Configure all of your WP settings specific to each of your remote environments. Hopefully you'll be checking this into a source control repository.

That basically frees you up to let your team have config settings specific to their environment, while letting you check in settings for each of the remote environments once.

The second thing you're going to want to do is build a mechanism to intercept and filter domain-specific links. The intent behind this mechanism is to replace any references to the current domain with a token/placeholder. I've outline the technique to do this here: http://www.farfromfearless.com/2010/09/07/url-token-replacement-techniques-for-wordpress-3-0/

It basically amounts to creating a filter that acts on the content before it's submitted to the DB and before the content is rendered to the page. The technique is transparent in that it won't affect normal editing practices. You can still create your content in the editor, reference other pages, posts, images, etc. and they'll show up just fine while editing in different environments.

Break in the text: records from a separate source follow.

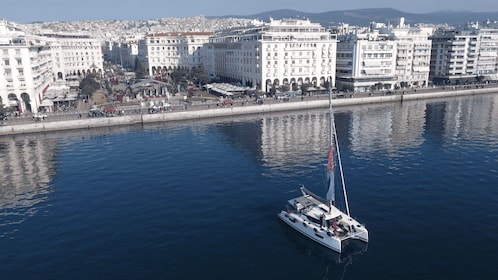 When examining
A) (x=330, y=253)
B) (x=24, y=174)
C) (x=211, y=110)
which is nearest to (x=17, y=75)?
(x=211, y=110)

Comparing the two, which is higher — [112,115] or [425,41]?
[425,41]

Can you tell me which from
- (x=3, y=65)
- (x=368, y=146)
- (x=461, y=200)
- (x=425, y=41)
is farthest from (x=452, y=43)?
(x=3, y=65)

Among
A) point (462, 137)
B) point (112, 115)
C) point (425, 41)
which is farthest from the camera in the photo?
point (425, 41)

In recent projects, I've wrapped all of this and a few other WP "normalization" features into a single bootstrap plugin that I set & forget.

Case 2: Project Ongoing

Now, in your case, you're further along in your development lifecycle. It's going to take some work to replace those domain references, but if you follow the steps I've outline above you should only ever have to do this once. The link I supplied above gives you the SQL you'll need to do that job. It's important to note that in a multi-site environment, you'll need to do this for every "sub-site" you've created.

Once you've updated your DB, I suggest implementing the steps in CASE 1 so you don't have to repeat the steps again.

Bonus: synchronizing content

Synchronizing content is a pain. What I've done in recent projects is had clients work on the staging server and promote changes upstream to production. So then, that leaves you with synchronizing downstream to your sandbox(es). Write a shell script that dumps a copy of SPECIFIC content tables from your staging DB, and imports them into your sandbox DB (effectively replacing content tables.) You should be able to see the benefit of the domain-token-replacement technique.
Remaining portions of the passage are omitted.